Crystal Ball Gazing
Crystal Ball Gazing
Editor in Chief
I’ve written before about the importance of self-reflection in our clinical practices and in teaching our residents and students to enhance their own skill and to help foster it in their patients. As hectic as the world is today, and with our increasingly busy schedules (as if they weren’t already), we often have little opportunity to consider the future of our profession. So, I’m pleased to suggest you spend a bit of time reading The Lancet Psychiatry Commission on the Future of Psychiatry. The target future selected was a decade from now —far enough that changes would likely be apparent, but not so far into the future that the conclusions would be almost completely speculative.
Many of us have been aware that The Lancet has been since the early 1800s one of the most prestigious medical journals in the world. But some may not be as aware that several years ago The Lancet established a number of specialty journals including The Lancet Psychiatry. I was honored to be asked to serve as a member of the Lancet Psychiatry Commission. (This was a volunteer academic effort, a collaboration of The Lancet and the World Psychiatric Association, so I receive no benefit from suggesting you read the report.) After a year of work, the final report will have been released by the time you are reading this in early October, timed to coincide with World Mental Health Day.

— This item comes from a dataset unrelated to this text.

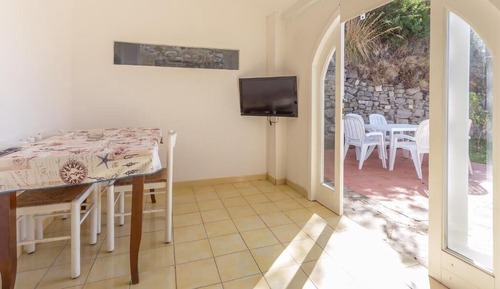Bungalow, Patio, Sea View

The report has 6 sections: (1) The Patient and Treatment, (2) Psychiatry and the Health Care System, (3) Psychiatry and Society, (4) The Future of Mental Health Law, (5) Digital Psychiatry Enhancing the Future of Mental Health, and (6) Training the Psychiatrist of the Future. Let me briefly highlight some of the critical issues highlighted in the report. Since most of our readers live in the US, many of the issues of concern will be well known though unsolved.

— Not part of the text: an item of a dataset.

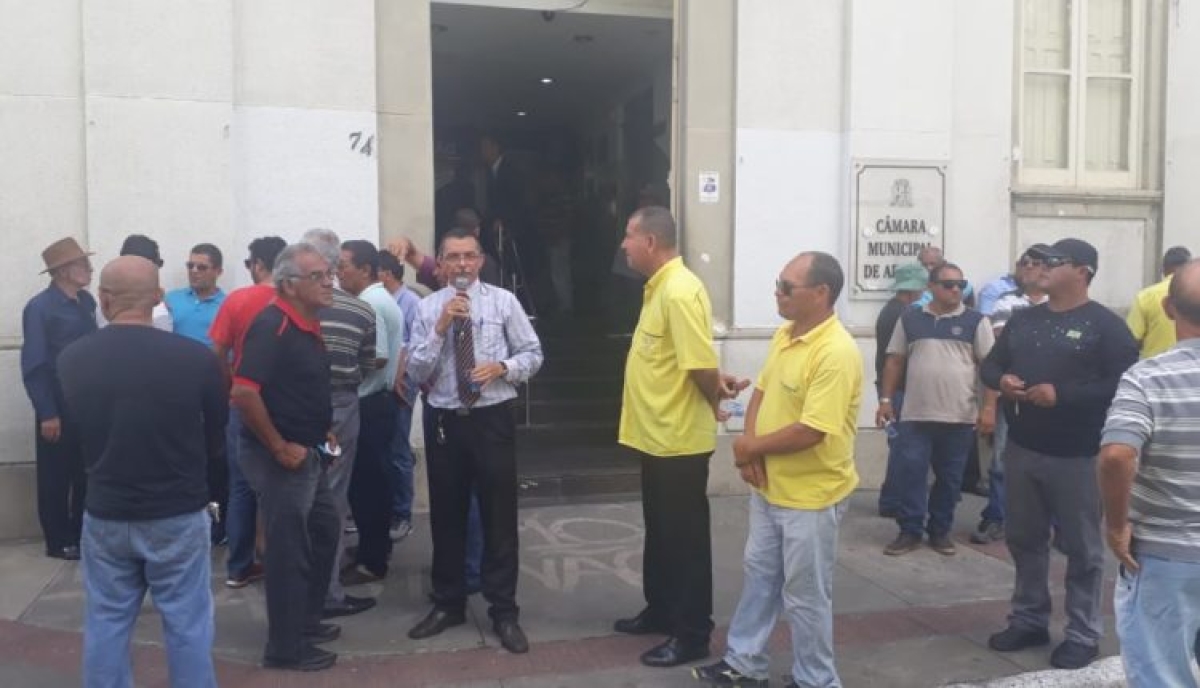 Taxistas protestam em frente a Câmara de Vereadores (Foto: Portal Infonet)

In the The Patient and Treatment section, one of the key issues addresses the tremendous global disparities in treatment resources, including psychiatrists, other clinical personnel, and treatment facilities. We are aware in the US that although we have among the most extensive treatment availability of any country, substantial segments of our population have limited access to quality care. These groups include those living in urban cores and rural areas; members of many minority groups, including recent immigrants; the elderly; children; and those with significant medical comorbidity.